TASK DESCRIPTION: The line containing "Ethiopian Oval 14" and every line after it, through the end of the records below, are to be reproduced exactly, with the pictures left out.

MATERIAL SHOWN:
----------
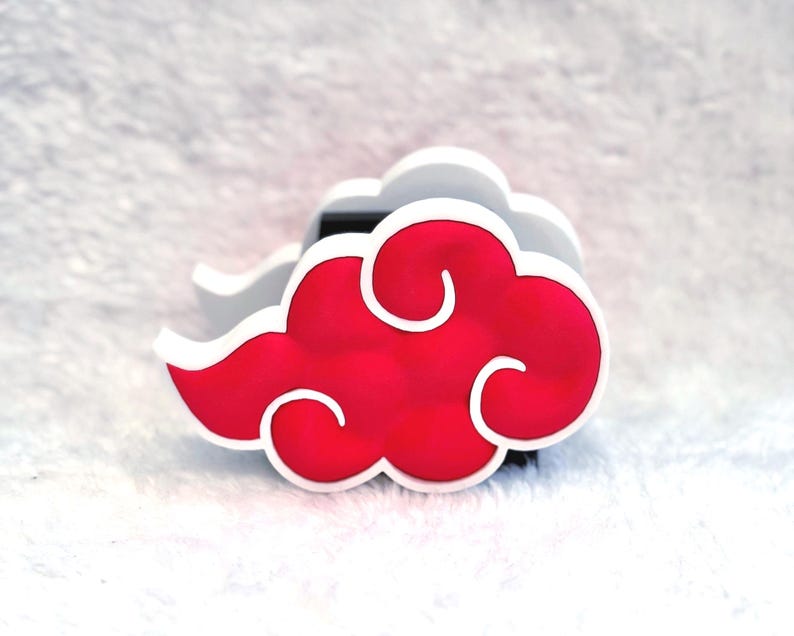 May include: A three-dimensional cloud-shaped object featuring a vibrant red center with rounded, swirling edges outlined in a thick white border. The design has a layered appearance with a black base visible behind the red cloud shape.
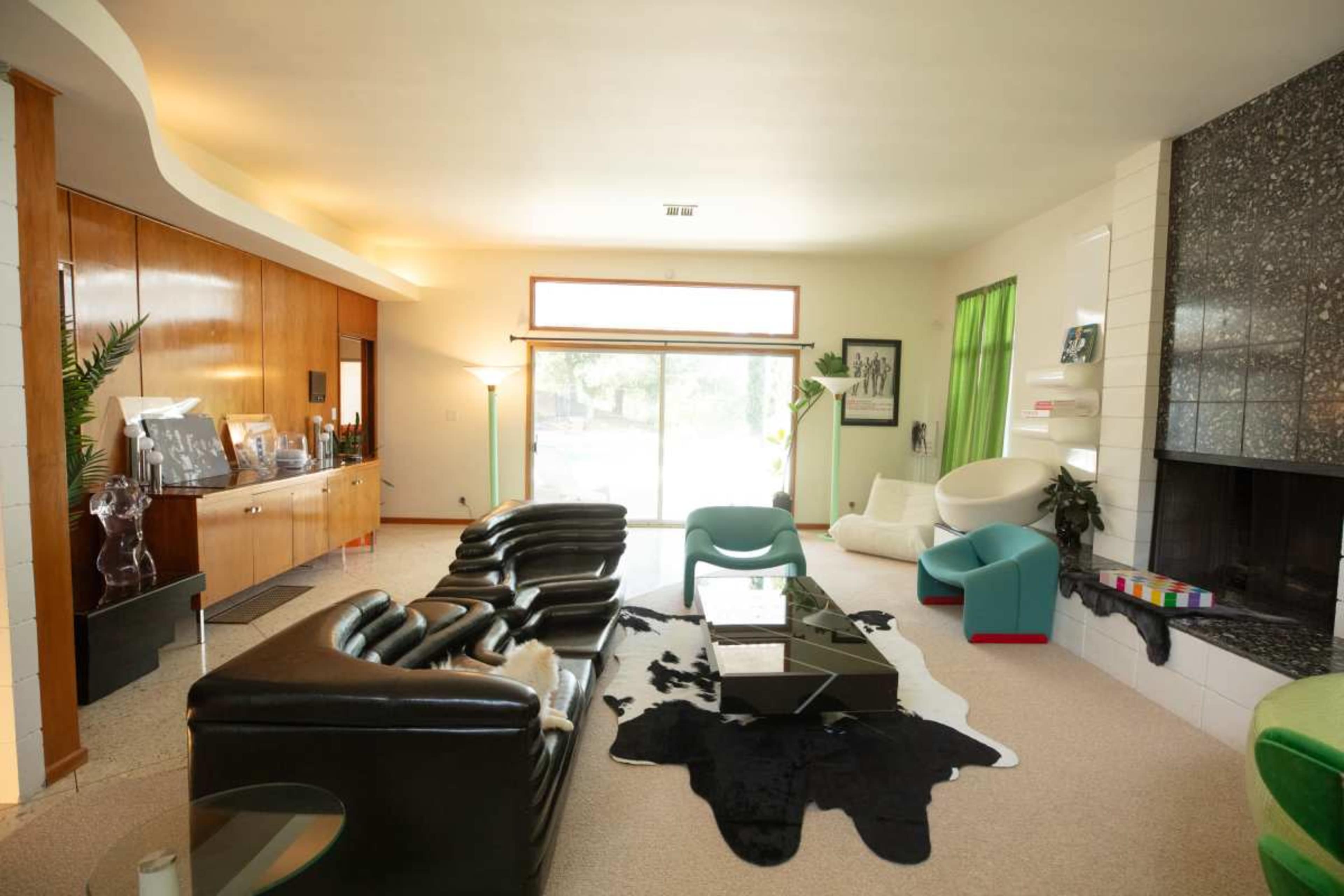 The image shows a spacious living room with a mix of black leather furniture, a white armchair, a large glass door leading to the outside, and decorative elements like a cowhide rug and colorful accents.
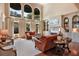 Bright living room features high ceilings, large windows, hardwood floors, and built-in shelving at 5045 Harrington Rd, Johns Creek, GA 30022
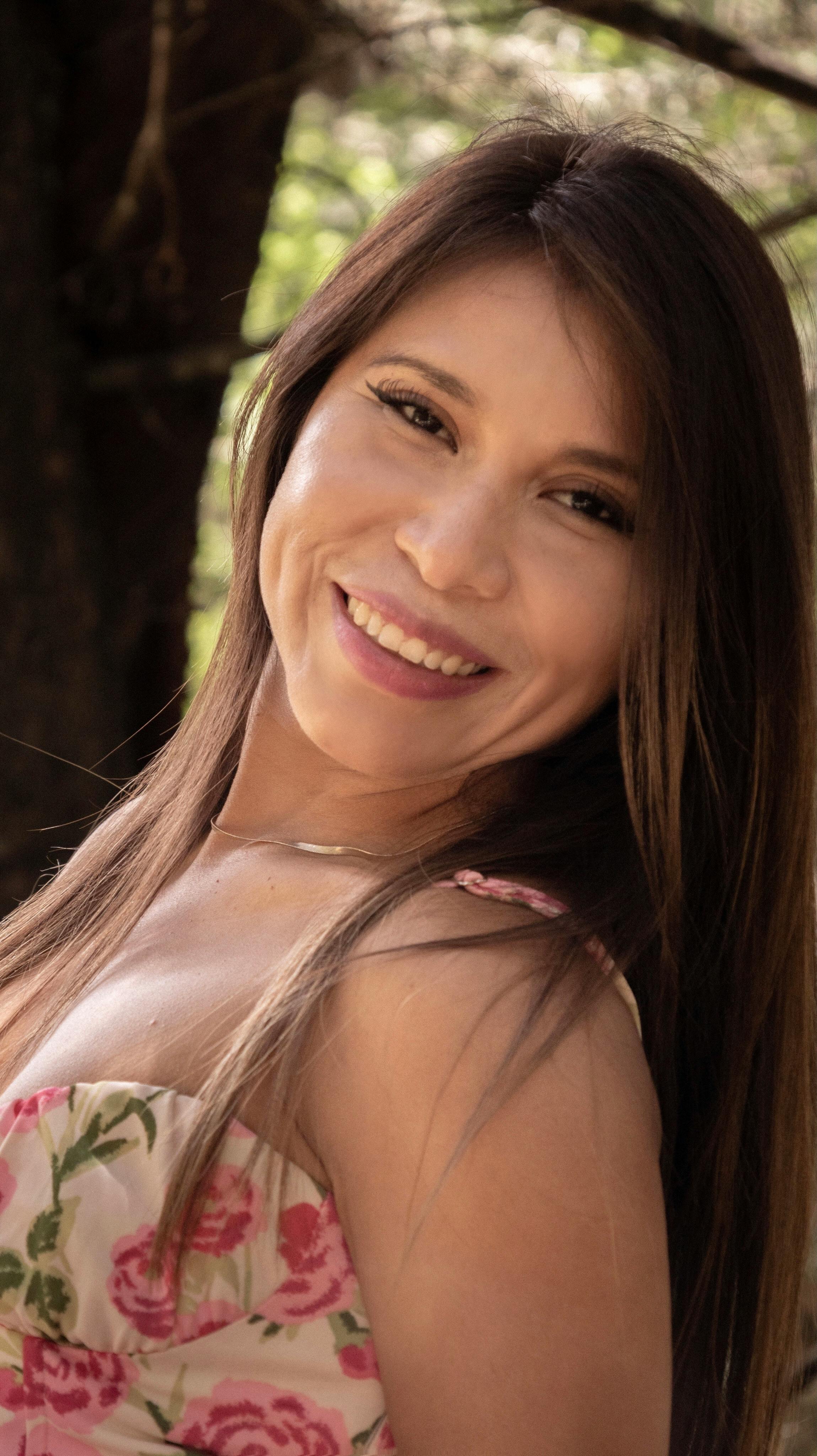 Bright portrait of a smiling woman in a floral dress outside.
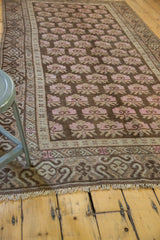 Distressed vintage Khotan rug corner, faded pink floral motifs, undulating border, fringe.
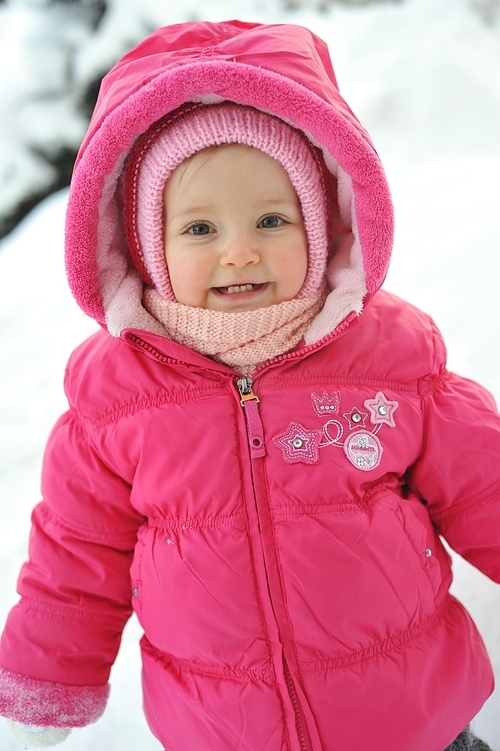 little girl in red jacket in winter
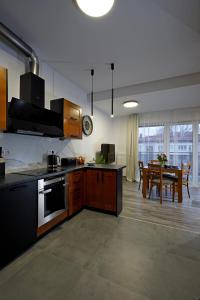 a kitchen with a table and a dining room at Apartament przy Plantach in Nowy Sącz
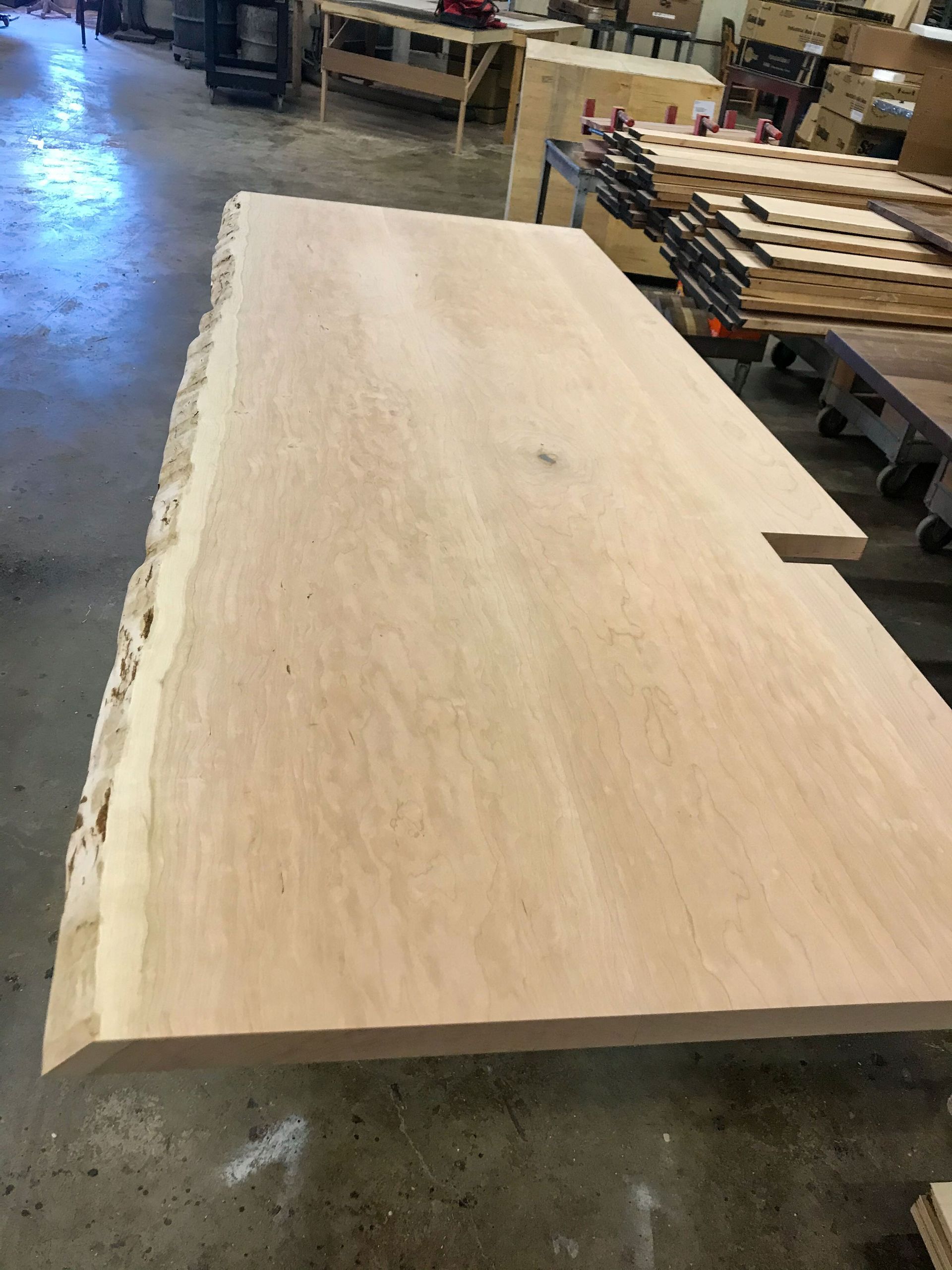 Large, unfinished wooden slab with live edge in a workshop.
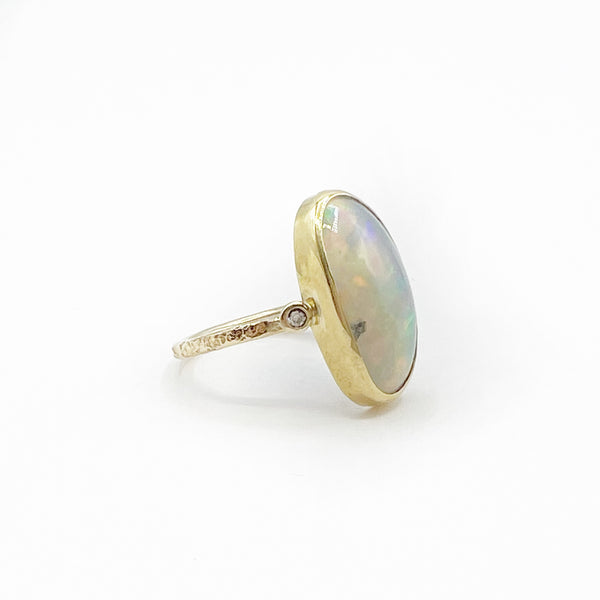 Ethiopian Oval 14 Karat Yellow Gold Ring with 2 Diamonds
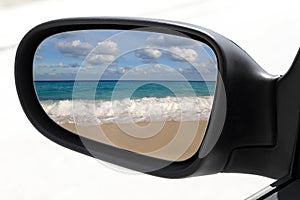 Rearview car mirror tropical caribbean beach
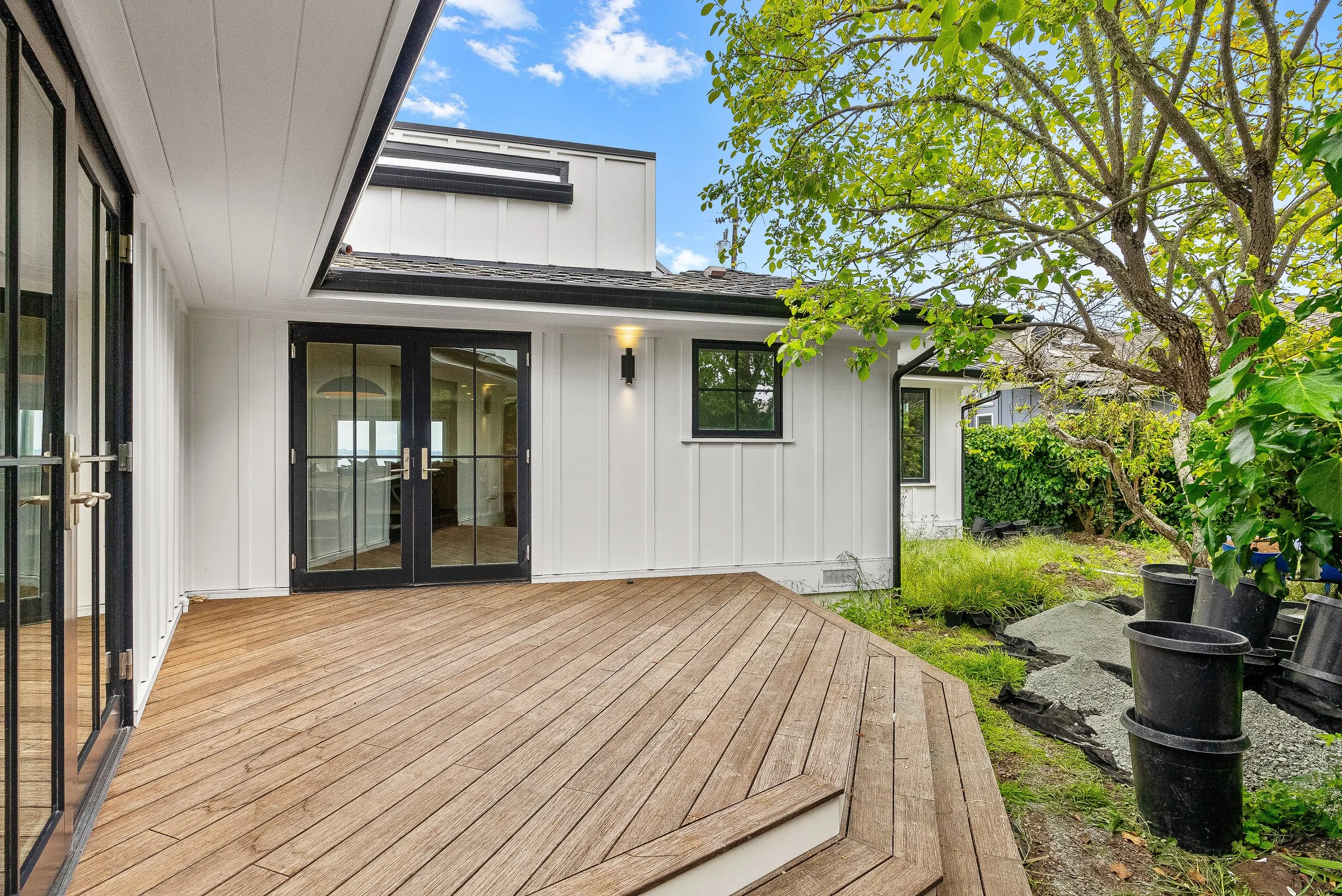 Backyard patio with a wooden deck, white exterior house, black framed glass doors, and a tree with green leavesin Capitola, California.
----------
SOLVED PROBLEM:
 Ethiopian Oval 14 Karat Yellow Gold Ring with 2 Diamonds
 Rearview car mirror tropical caribbean beach
 Backyard patio with a wooden deck, white exterior house, black framed glass doors, and a tree with green leavesin Capitola, California.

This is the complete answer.